• The task
Print, exactly and with no pictures, the line containing "Etagère d'angle en osier et fer forgé" and each line after it to the end of the entries below.

::::::

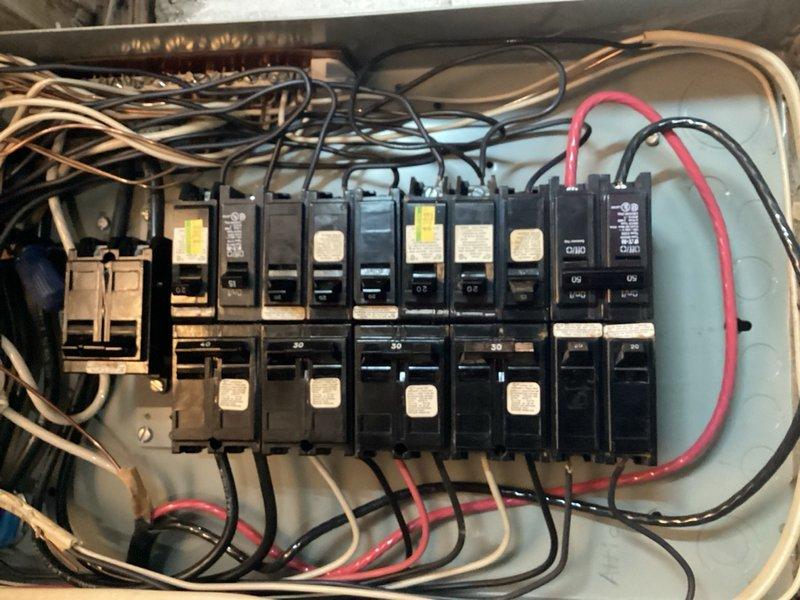 Conducted comprehensive electrical panel assessment in basement area to provide estimate for new or additional panel installation. Inspected existing electrical panel, documenting current configuration with approximately 10-12 circuit breakers arranged in dual rows on metal backing plate. Evaluated wire organization, noting congested conductor routing at panel top with multiple tan, black, and red wires. Assessed panel capacity, breaker arrangement, and overall system condition to determine requirements for panel upgrade or secondary panel addition. Photographed existing electrical infrastructure and surrounding installation area to develop accurate scope of work and material specifications for proposed panel installation.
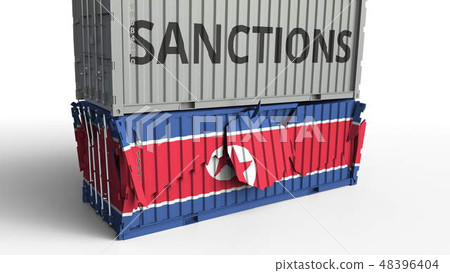 Container with SANCTIONS text breaks cargo container with flag of North Korea. Embargo or political 48396404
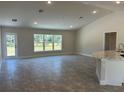 Spacious living room with large windows, gray tile floors, and access to the backyard at 2738 N Chamberlain Blvd, North Port, FL 34286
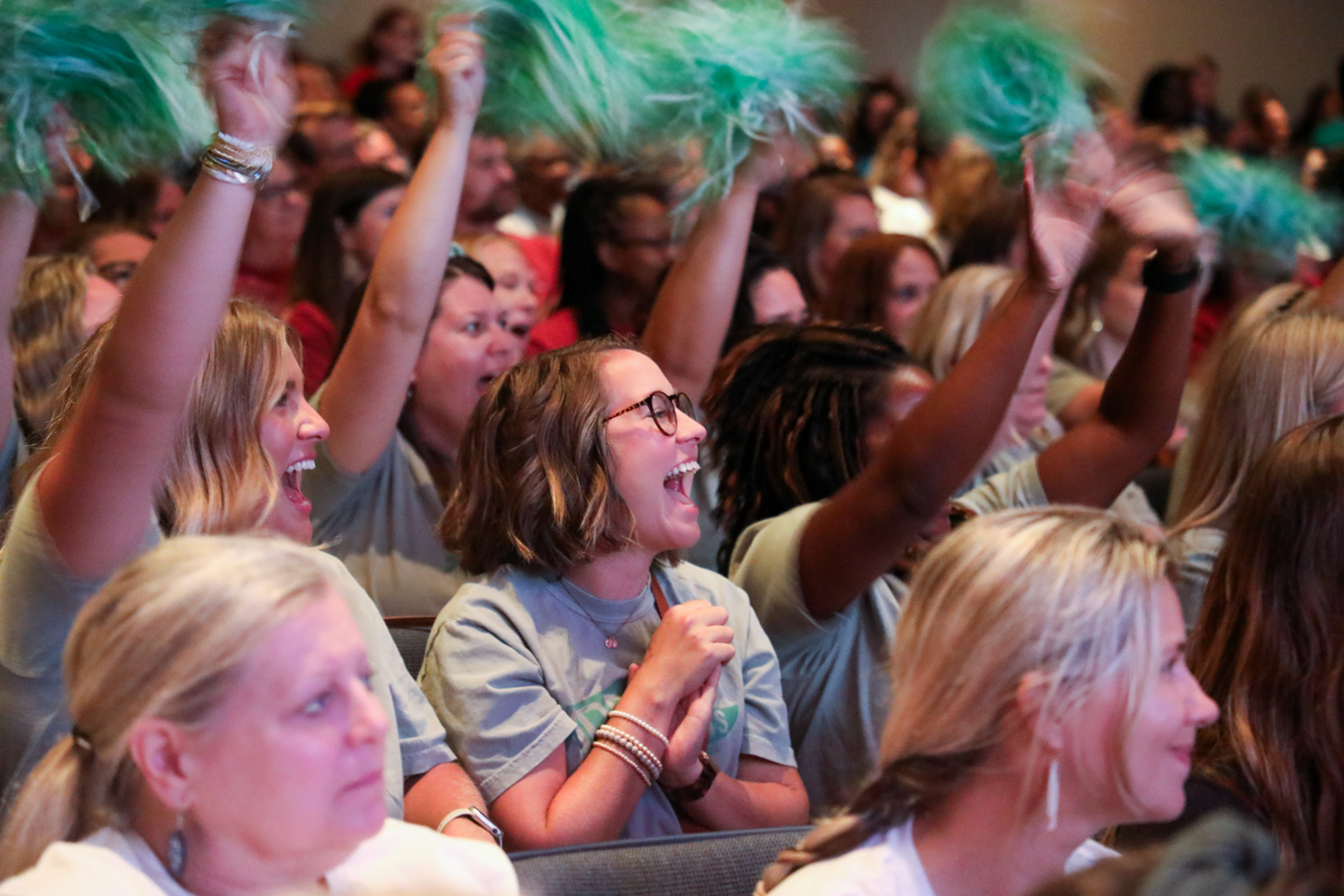 three people sitting in front of table laughing together
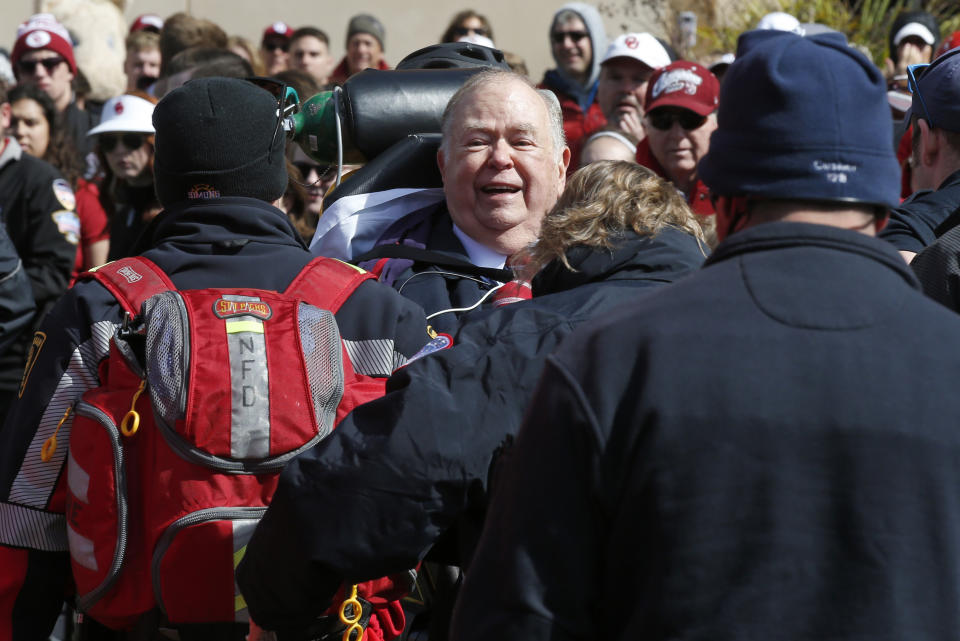 David Boren, president of the University of Oklahoma, is taken away by medical personnel and security during the unveiling of a statue of former head football coach Bob Stoops in Norman, Okla., Saturday, April 14, 2018. (AP Photo/Sue Ogrocki)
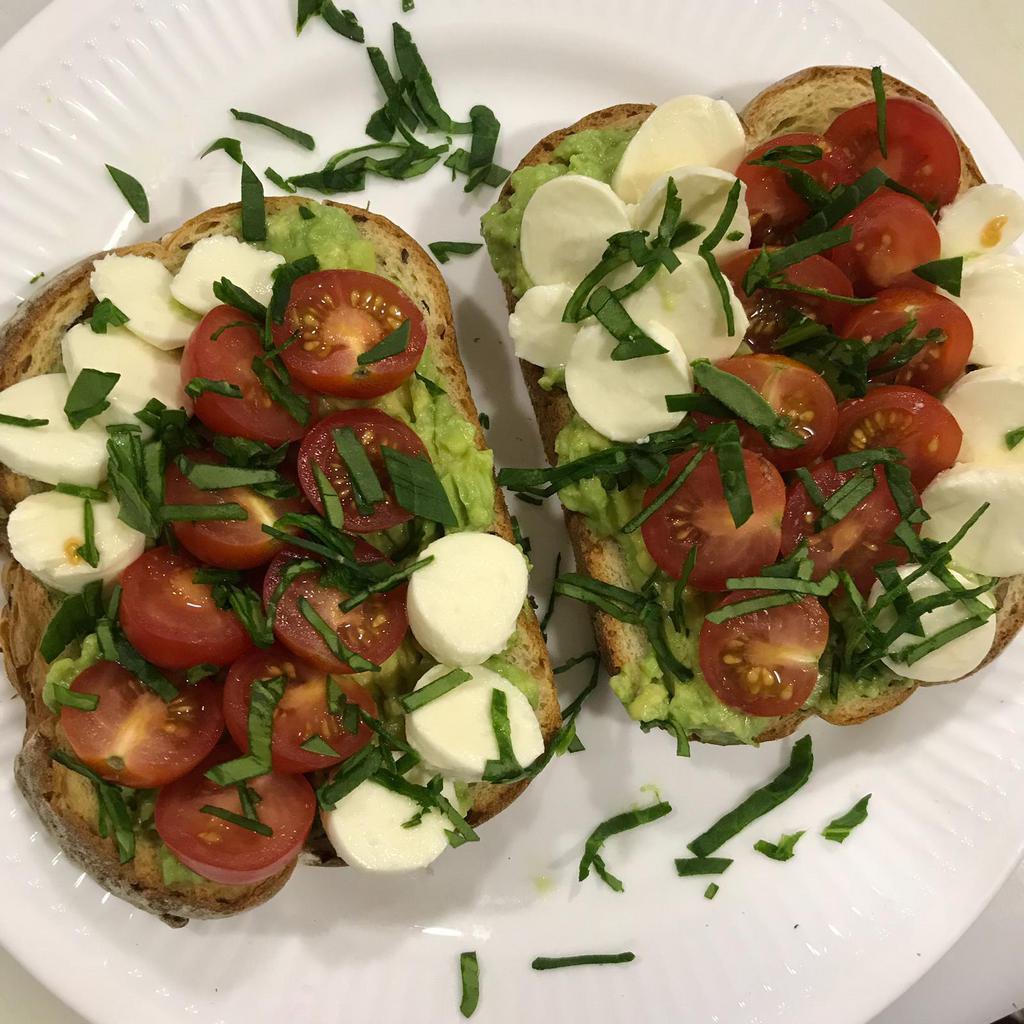 caprese Avocado Toast · multigrain Toast covered with avocado mashed topping Mozzarella cheese, cherry tomatoes, spinach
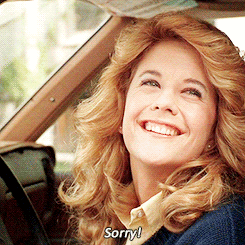 Movie gif. Meg Ryan as Sally in Harry Met Sally. She smiles boldly and openly and says, "Sorry," while scrunching her eyes cutely.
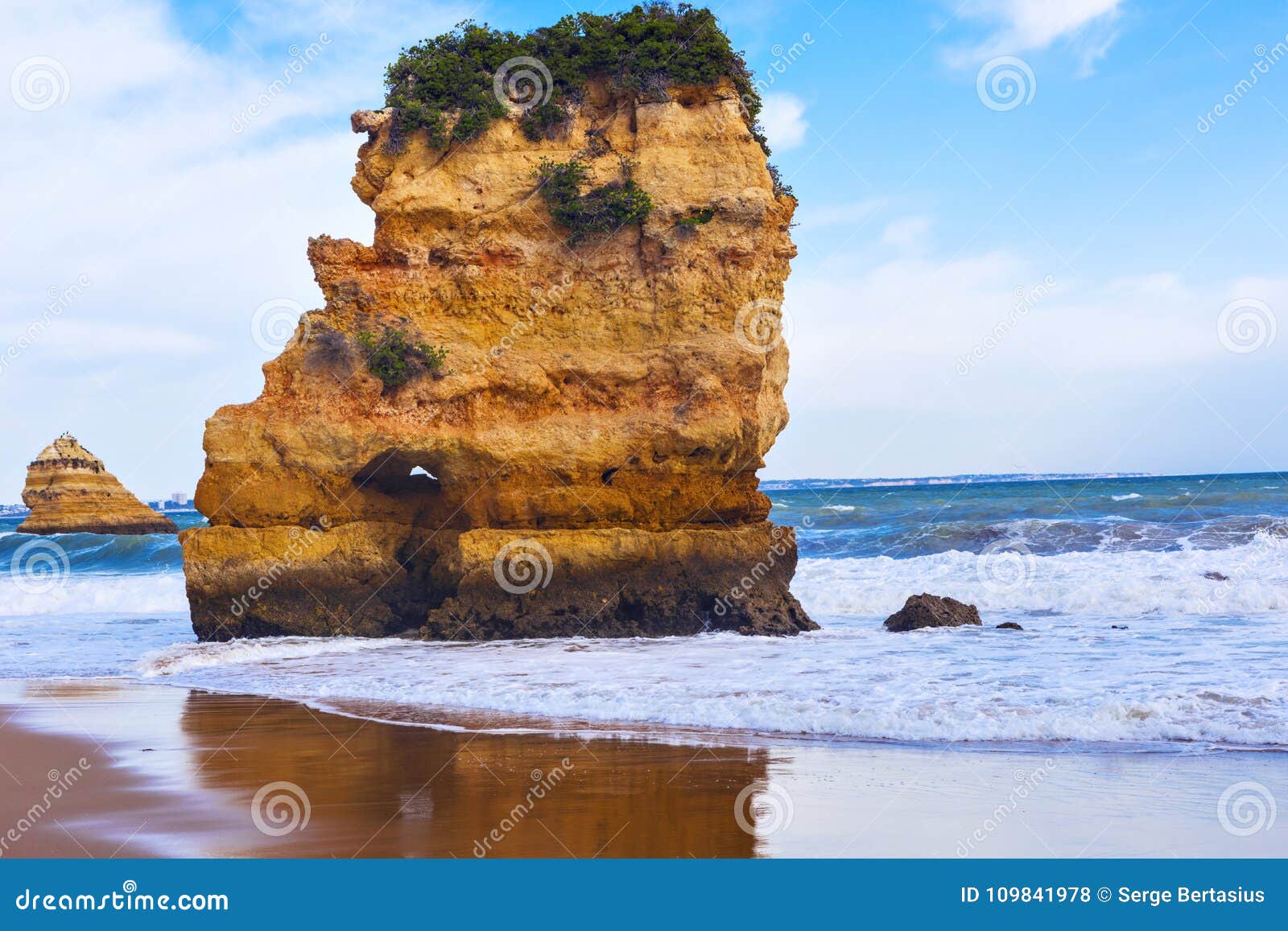 rocky cliff of praia dona ana at lagos, portugal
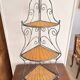 Etagère d'angle en osier et fer forgé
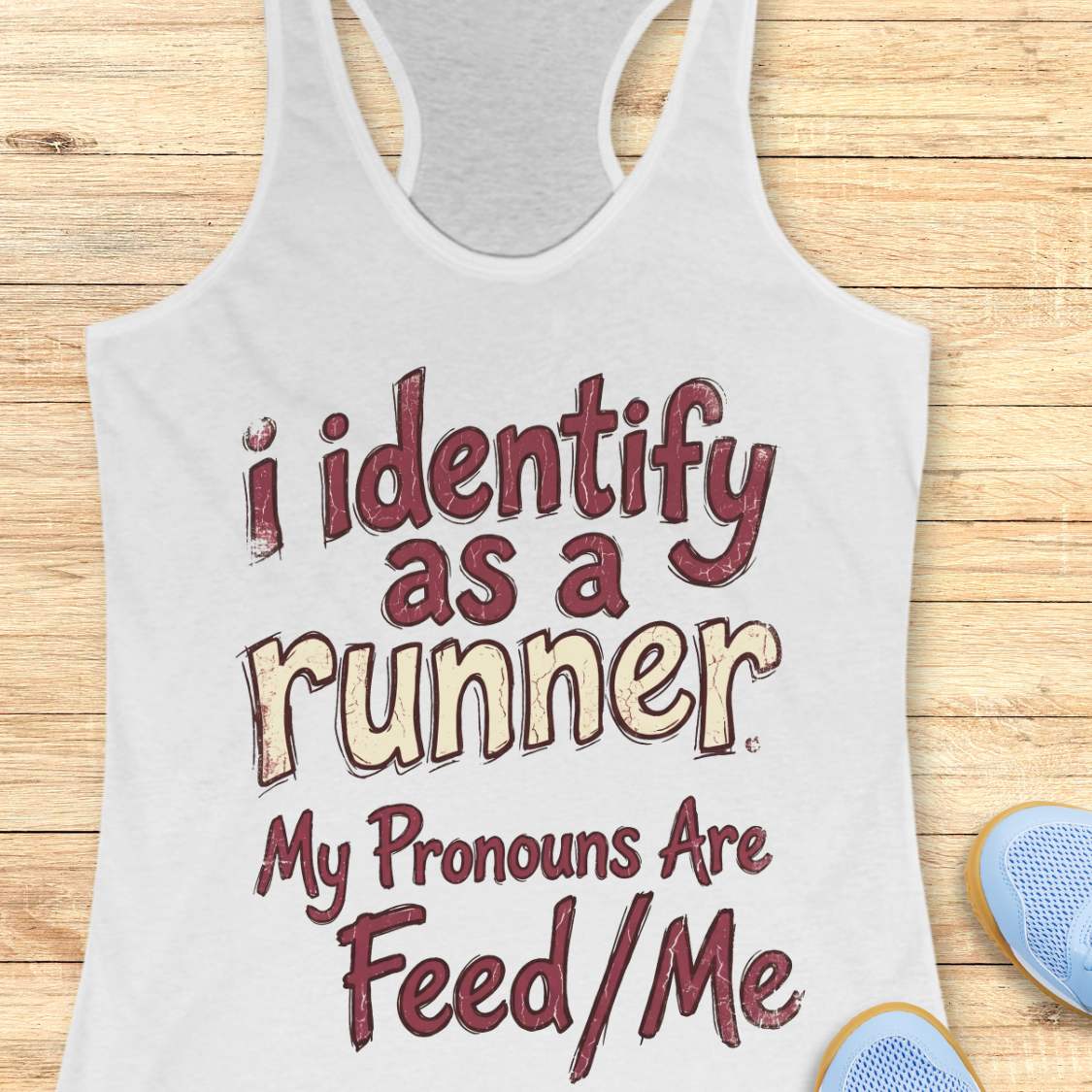 White tank top with text 'i identify as a runner. My pronouns are feed/me' on a wooden surface.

::::::

• Task answer
 Etagère d'angle en osier et fer forgé
 White tank top with text 'i identify as a runner. My pronouns are feed/me' on a wooden surface.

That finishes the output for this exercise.